BehindBlueI's
Grandmaster
- Oct 3, 2012
- 25,919
- 113
Most .380 ammo doesn't deliver adequate penetration, and this is where I think the Underwood ammo shines the brightest. The tests I've seen show 11" penetration, which is just about what a person wants. As for stopping power, I have a buddy who shot a suspect with a .45 ACP Hydrashock in the thigh. It didn't put the suspect down. As a side note, my buddy did pretty well, considering the suspect shot first at close range with a shotgun and blew my buddy's raid jacket collar off. Subsequent center mass shots by my buddy and his partner took the suspect out of action. My buddy who likes the Underwood ammo has also explored many shooting incidents and interviewed quite a few agents who were involved in shooting incidents. The lessons learned went toward improving training. IMHO his opinions deserve some respect.
.380 is borderline. I've seen ball ammo go through a really fat guy and disappear in dry wall afterward, but it was all soft tissue (mostly fat) and no bone strike. Bone stops it dead, although generally with a nice fracture. The .380 isn't going to feed wadcutters, so you're out that option. I generally don't recommend anything one way or the other in .380 because I've yet to make up my mind on the better options.

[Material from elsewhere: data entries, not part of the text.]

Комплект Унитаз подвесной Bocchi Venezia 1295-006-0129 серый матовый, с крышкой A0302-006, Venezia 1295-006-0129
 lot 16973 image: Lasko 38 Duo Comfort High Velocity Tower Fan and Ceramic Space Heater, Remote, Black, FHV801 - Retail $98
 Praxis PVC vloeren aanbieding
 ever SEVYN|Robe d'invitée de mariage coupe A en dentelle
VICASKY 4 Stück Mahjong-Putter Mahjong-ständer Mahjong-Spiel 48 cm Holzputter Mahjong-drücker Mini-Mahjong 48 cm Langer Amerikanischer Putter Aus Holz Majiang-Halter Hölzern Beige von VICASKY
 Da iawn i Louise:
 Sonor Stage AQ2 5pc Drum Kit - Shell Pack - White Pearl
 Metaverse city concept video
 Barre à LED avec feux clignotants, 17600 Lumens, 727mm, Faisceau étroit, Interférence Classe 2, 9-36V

I wouldn't expect a shot in the thigh to put someone down unless it hit the femur and fractured it, in which case mechanically they are likely to fall down. Ammunition doesn't overcome shot placement and "stopping power" is right up there with "energy transfer" as something that isn't a thing when talking about handgun bullets wounding people. I'm not sure how that's relevant, unless you're claiming the Lehigh design somehow would have worked better?
I've interviewed literally hundreds of people shot, been at the scene, saw where bullet cases were, talked to the ER doctors and saw the x-rays, etc. Add in assisting on murders and officer involved shootings, interviews with those who shot someone, and having access to roughly 30 years of case files on the same, access to autopsy results, etc. Even that, IMO, is insufficient to declare any particular brand "the best". I can tell you what works as advertised and what doesn't, but there's so many variables that true apples to apples comparisons are tough to come by. As such, I'll continue to recommend heavy for caliber bonded hollowpoints in duty calibers (and recommend duty calibers, while we're at it), recommend against the .25 (which isn't even a reliable suicide gun), as well as the advice I've already given on the .38 in a short barrel and the agnostic information on the .380. If you think that opinion is worth respect or not is up to you.